Arizona Vehicle Theft Task Force; Lieutenant Mikel A. Longman
Between 1993 and 1997, the State of Arizona earned the dubious honor of being the number one state for vehicle theft per capita. In response, its legislature enacted in 1996 a statute creating the Arizona Automobile Theft Authority (AATA), which is funded by an annual $1.00 assessment on each Arizona-insured vehicle. The Arizona Vehicle Theft Task Force, a statewide, multi-agency, cross-jurisdictional vehicle-theft operation, was created in 1996 and became fully-operational in 1997. Seventeen different agencies from eight of Arizona’s 15 counties currently participate; it has formed strong partnerships both with Mexican authorities and with the Arizona Division of Motor Vehicles.

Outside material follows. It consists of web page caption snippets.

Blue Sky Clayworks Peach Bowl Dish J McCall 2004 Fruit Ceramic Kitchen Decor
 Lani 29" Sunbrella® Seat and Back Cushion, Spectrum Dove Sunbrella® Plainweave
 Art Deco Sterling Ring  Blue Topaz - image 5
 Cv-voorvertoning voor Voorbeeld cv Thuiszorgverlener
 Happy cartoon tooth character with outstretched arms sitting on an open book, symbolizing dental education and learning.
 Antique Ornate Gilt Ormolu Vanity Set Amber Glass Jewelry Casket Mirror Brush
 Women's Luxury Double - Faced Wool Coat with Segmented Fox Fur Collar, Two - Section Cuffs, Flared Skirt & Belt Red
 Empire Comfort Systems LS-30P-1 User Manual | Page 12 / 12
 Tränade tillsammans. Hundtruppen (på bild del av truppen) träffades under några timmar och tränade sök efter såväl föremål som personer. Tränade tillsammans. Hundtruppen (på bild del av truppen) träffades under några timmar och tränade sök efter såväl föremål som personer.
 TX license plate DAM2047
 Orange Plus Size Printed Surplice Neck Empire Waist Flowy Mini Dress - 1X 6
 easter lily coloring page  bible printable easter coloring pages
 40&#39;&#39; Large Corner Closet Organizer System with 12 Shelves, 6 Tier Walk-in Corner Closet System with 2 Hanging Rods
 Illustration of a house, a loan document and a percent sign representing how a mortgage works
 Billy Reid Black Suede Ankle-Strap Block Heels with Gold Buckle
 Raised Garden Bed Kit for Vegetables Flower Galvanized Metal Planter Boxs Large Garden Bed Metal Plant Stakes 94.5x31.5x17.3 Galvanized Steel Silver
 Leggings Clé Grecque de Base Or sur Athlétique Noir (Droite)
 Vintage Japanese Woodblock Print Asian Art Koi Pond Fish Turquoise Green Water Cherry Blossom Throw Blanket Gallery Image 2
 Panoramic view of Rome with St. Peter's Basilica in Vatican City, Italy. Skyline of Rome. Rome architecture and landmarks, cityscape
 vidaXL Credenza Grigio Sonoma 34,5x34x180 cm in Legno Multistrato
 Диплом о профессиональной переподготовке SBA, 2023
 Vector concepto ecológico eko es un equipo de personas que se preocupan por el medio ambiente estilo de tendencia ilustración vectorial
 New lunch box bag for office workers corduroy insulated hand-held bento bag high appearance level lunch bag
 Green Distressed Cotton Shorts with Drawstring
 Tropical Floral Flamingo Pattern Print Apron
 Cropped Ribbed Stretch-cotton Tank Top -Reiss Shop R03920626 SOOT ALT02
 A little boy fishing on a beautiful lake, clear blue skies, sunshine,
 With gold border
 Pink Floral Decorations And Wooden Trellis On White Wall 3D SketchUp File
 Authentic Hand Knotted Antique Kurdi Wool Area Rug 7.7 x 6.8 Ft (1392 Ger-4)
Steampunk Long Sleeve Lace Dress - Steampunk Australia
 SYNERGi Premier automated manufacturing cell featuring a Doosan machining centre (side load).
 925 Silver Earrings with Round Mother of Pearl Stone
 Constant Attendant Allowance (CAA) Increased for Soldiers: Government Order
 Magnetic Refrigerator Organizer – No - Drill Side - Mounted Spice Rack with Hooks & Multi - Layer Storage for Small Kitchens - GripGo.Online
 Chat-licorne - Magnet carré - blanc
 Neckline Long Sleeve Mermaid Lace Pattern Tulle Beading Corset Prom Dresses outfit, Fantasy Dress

The success of the Task Force has been achieved through aggressive, proactive enforcement; enhanced training of law enforcers; and ongoing public awareness and community education programs. It has supported legislation reclassifying, as well as enhancing the penalties for, vehicle-related crimes. It is in the process of implementing the Border Auto Theft Information Center (BATIC), the aim of which is to aid in the recovery, in Mexico, of stolen U.S. vehicles. It has established and publicized a statewide toll-free “tip” line for the anonymous reporting of vehicle-theft crimes and other suspicious activities, and it will distribute steering-wheel locking devices to citizens who register for the Watch Your Car program.
Several highlights from its 2001 efforts underscore its success:
- The recovery of eight stolen vehicles, the seizure of two additional vehicles, the arrest of nine suspects, and the detention of 50 undocumented aliens
- The purchase of three stolen Hondas and one stolen new Chevrolet Tahoe, as well as the indictment of two persons, in an undercover operation
- The apprehension—via a wire tap—of an individual who had rammed police vehicles with stolen vehicles and who had threatened to murder a police officer or a member of a police officer’s family
- Recovered—in conjunction with the Los Angeles Police Department—a stolen handgun and several “high-dollar” vehicles which had been stolen in California, which had been fraudulently sold in Arizona, and which had a total value of approximately $890,000.00
For every $1.00 of AATA funds that the Task Force spent in 2001, it recovered $14.13 in stolen property; that equates to the recovery of an average 74 stolen vehicles per Task Force officer!